**AVAILABLE DATA**

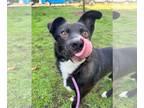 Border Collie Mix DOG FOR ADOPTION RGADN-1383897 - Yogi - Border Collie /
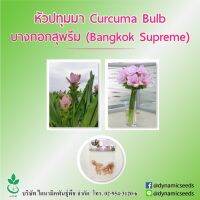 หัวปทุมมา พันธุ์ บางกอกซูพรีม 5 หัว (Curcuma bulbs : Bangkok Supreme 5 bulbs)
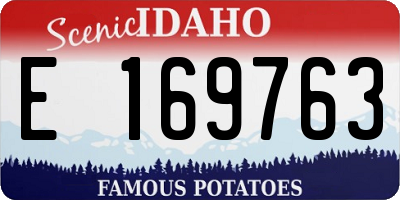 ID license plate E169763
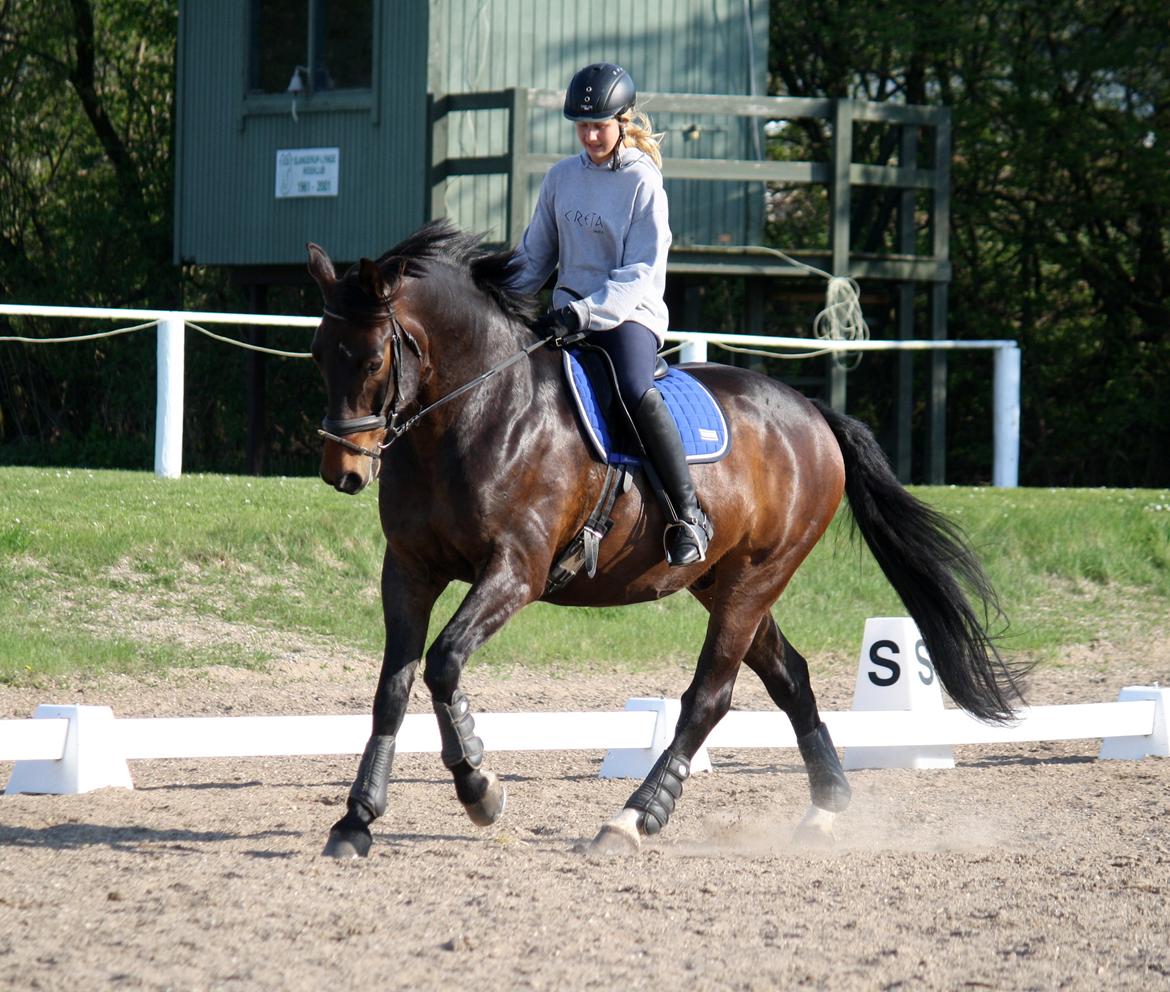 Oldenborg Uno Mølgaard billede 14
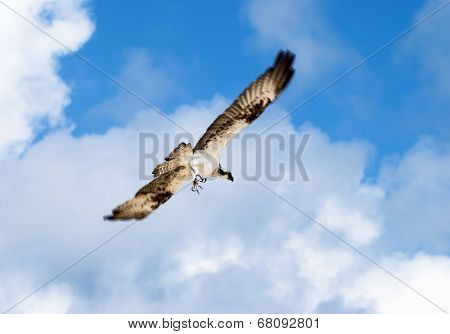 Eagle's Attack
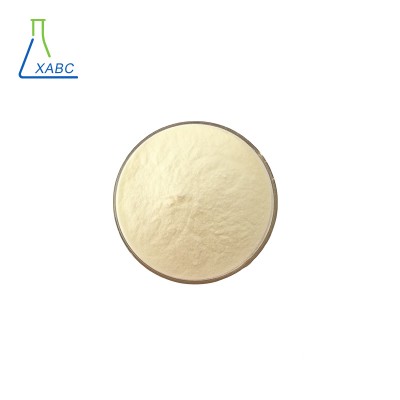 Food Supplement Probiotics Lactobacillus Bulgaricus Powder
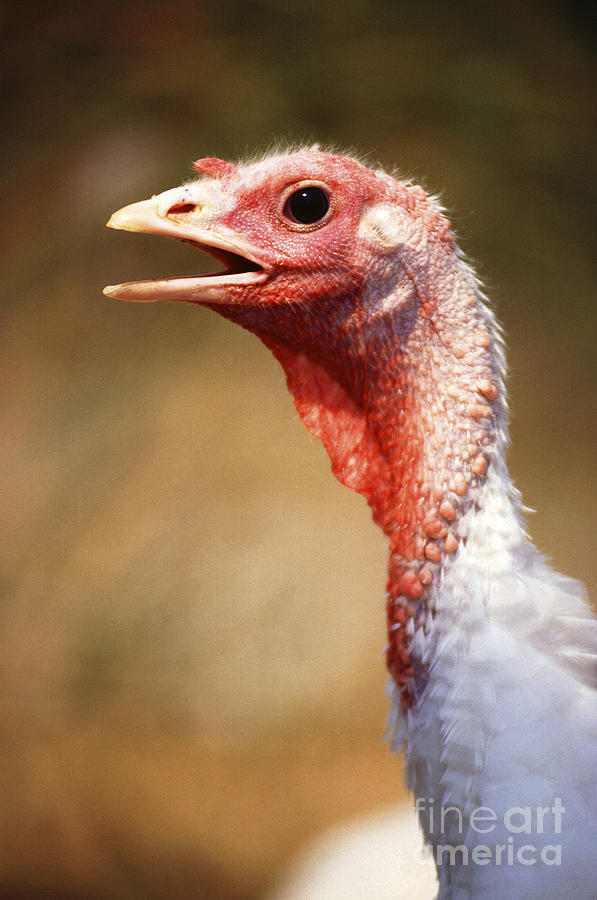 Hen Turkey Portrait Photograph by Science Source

**ACTIVITY**
Each entry, start to finish, goes into your copy exactly; the pictures stay out.

**SOLUTION FOR THIS EXERCISE**
 Border Collie Mix DOG FOR ADOPTION RGADN-1383897 - Yogi - Border Collie /
 หัวปทุมมา พันธุ์ บางกอกซูพรีม 5 หัว (Curcuma bulbs : Bangkok Supreme 5 bulbs)
 ID license plate E169763
 Oldenborg Uno Mølgaard billede 14
 Eagle's Attack
 Food Supplement Probiotics Lactobacillus Bulgaricus Powder
 Hen Turkey Portrait Photograph by Science Source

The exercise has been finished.